Avis

Une réforme judiciaire qui menace la démocratie israélienne

photo_camera Israel-protestas-reforma-judicial

Les protestations dans les rues, au Parlement et dans tous les forums de débat en Israël contre la réforme judiciaire radicale dont le Premier ministre Benjamin Netanyahu a fait la vedette du programme de son gouvernement se poursuivent sans relâche. Des manifestations ont lieu, bien suivies par des personnes de tous horizons, principalement à Tel Aviv, mais aussi à Jérusalem et à Haïfa et dans une vingtaine d'autres villes, pour dénoncer ce qu'elles considèrent comme une attaque en règle contre le système judiciaire.

En substance, le projet de loi présenté par le ministre de la justice, Yariv Levin, début janvier, réduit les pouvoirs de la Cour suprême en faveur de la Knesset (parlement), dans la mesure où les députés pourraient approuver à la majorité simple des lois que les juges ont annulées pour cause de violation de la constitution. Le texte prévoit également de donner au gouvernement un pouvoir quasi absolu sur la nomination des juges et, dans le même temps, de limiter l'indépendance des experts juridiques qui conseillent le gouvernement. En bref, les opposants à la réforme estiment que M. Netanyahou, qui est lui-même poursuivi pour corruption, porterait un coup fatal au système israélien de freins, de contrepoids et d'équilibre, c'est-à-dire qu'il s'attaquerait aux fondements du système démocratique qui a régi le pays et qui lui a permis d'être à égalité avec la démocratie depuis sa création en 1948.

Au contraire, dans les rangs du gouvernement, tant du Likoud que de ses alliés de l'extrême droite et des ultra-orthodoxes, on estime qu'il est temps de réformer un système judiciaire auquel on a donné trop de pouvoir au cours de la dernière décennie du vingtième siècle, au point qu'il est devenu excessivement interventionniste dans le processus législatif.
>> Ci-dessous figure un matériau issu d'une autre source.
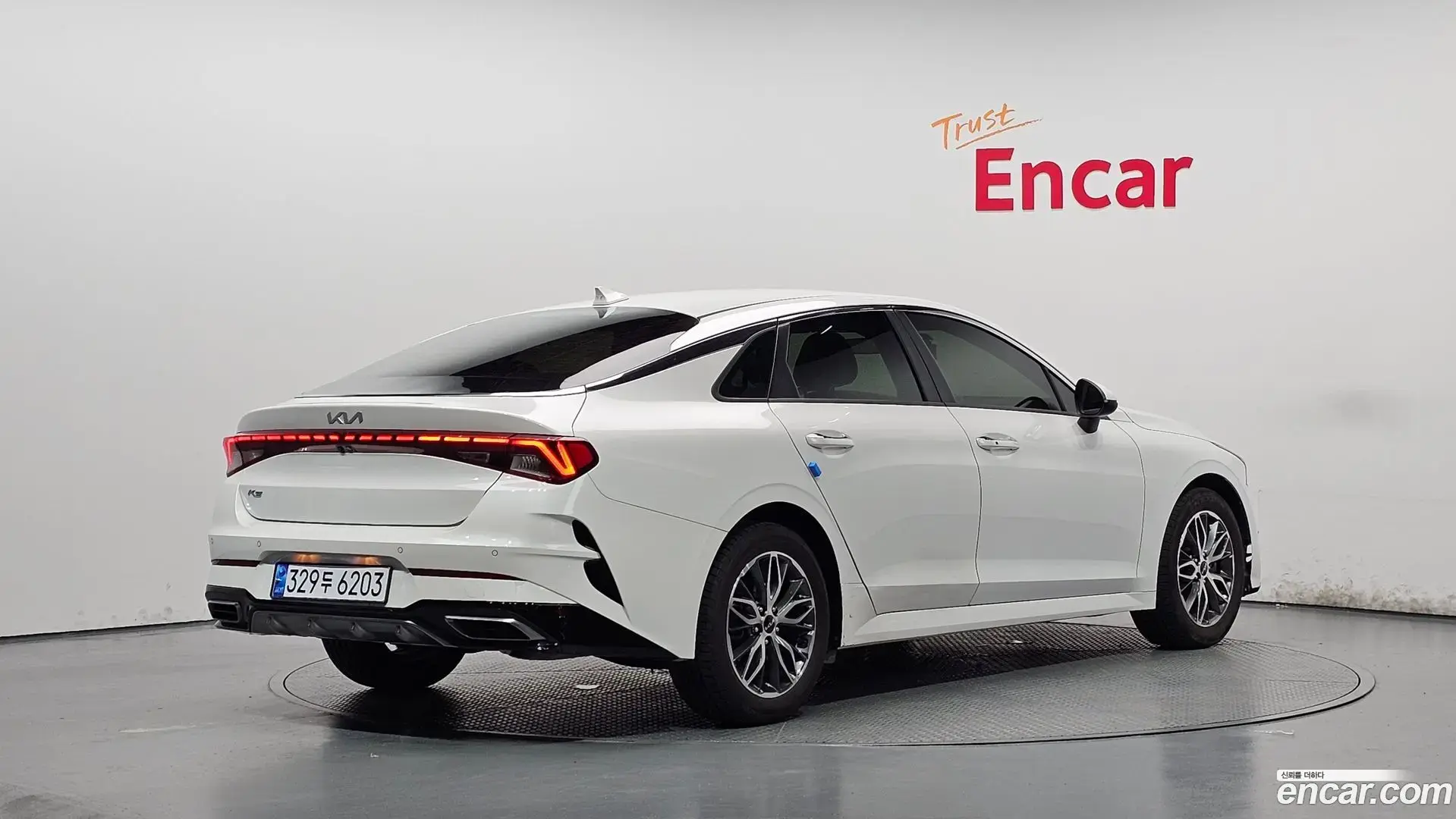 Main__Slider__Photo:K5 Kia 2022.7-1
Certes, la situation judiciaire de Netanyahou lui-même ne contribue pas à dissiper les soupçons de ses détracteurs selon lesquels il cherche avant tout à éviter la prison, mais plutôt à lier la fin de son pouvoir exécutif à sa nomination à la tête de l'État israélien. En Israël, si le premier ministre ne bénéficie pas de l'immunité même s'il est jugé pour corruption, cela ne l'oblige pas à démissionner ou à être démis de ses fonctions en attendant le procès.

Cela n'aide pas non plus le fait que son bras droit au gouvernement, Arié Dery, condamné pour fraude fiscale, venait de s'asseoir à la table du Conseil des ministres et de présenter un projet de loi qui permettrait à une personne condamnée pour n'importe quel crime, mais sans peine de prison définitive, de rester au gouvernement. La Cour suprême a sévèrement critiqué la nomination de M. Dery, la dénonçant comme "en contradiction flagrante avec les principes fondamentaux de l'État de droit", ce qui a incité M. Netanyahu à se passer de ses services.

Bien que minoritaire, l'opposition amplifie le volume de ses protestations. Son leader actuel, Yair Lapid, puisant dans une épopée aux réminiscences churchilliennes, a déclaré : "Nous nous battrons ici dans les rues, nous nous battrons à la Knesset, nous nous battrons dans les tribunaux, nous sauverons Israël car nous refusons de vivre dans un pays non démocratique".

Dans la même veine, le maire de la ville populeuse de Tel Aviv, Ron Huldai, a ajouté : "Si les mots s'arrêtent, les actions commenceront. Nous ne nous limiterons pas aux places publiques, nous ne serons pas indifférents, nous ne réagirons pas avec résignation".

Il s'agit probablement du débat le plus intense sur l'équilibre des forces dans l'histoire d'Israël, et il intervient à un moment où le pays connaît un succès incontestable dans l'ouverture et l'établissement de relations avec les pays arabes grâce aux accords d'Abraham. Ces succès sont toutefois éclipsés par la résurgence du conflit avec les Palestiniens, le sentiment croissant de ces derniers d'être de plus en plus éloignés de la volonté supposée de leur accorder un État souverain, et la réalité d'une colonisation croissante de la Cisjordanie occupée, qui rendrait une telle solution définitivement irréalisable.